Literature DB >> 28362601

Constrained Superpixel Tracking.

Lijun Wang, Huchuan Lu, Ming-Hsuan Yang.   

Abstract

In this paper, we propose a constrained graph labeling algorithm for visual tracking where nodes denote superpixels and edges encode the underlying spatial, temporal, and appearance fitness constraints. First, the spatial smoothness constraint, based on a transductive learning method, is enforced to leverage the latent manifold structure in feature space by investigating unlabeled superpixels in the current frame. Second, the appearance fitness constraint, which measures the probability of a superpixel being contained in the target region, is developed to incrementally induce a long-term appearance model. Third, the temporal smoothness constraint is proposed to construct a short-term appearance model of the target, which handles the drastic appearance change between consecutive frames. All these three constraints are incorporated in the proposed graph labeling algorithm such that induction and transduction, short- and long-term appearance models are combined, respectively.

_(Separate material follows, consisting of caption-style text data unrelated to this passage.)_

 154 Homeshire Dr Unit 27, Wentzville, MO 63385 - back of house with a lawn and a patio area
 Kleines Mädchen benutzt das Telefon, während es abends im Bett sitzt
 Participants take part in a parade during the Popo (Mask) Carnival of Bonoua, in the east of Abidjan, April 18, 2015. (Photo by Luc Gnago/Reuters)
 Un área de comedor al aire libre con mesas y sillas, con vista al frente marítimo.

The foreground regions inferred by the proposed graph labeling method are used to guide the tracking process. Tracking results, in turn, facilitate more accurate online update by filtering out potential contaminated training samples. Both quantitative and qualitative evaluations on challenging tracking data sets show that the proposed constrained tracking algorithm performs favorably against the state-of-the-art methods.

Year:  2017        PMID: 28362601     DOI: 10.1109/TCYB.2017.2675910

Source DB:  PubMed          Journal:  IEEE Trans Cybern        ISSN: 2168-2267            Impact factor:   11.448


  1 in total

1.  A fast region-based active contour for non-rigid object tracking and its shape retrieval.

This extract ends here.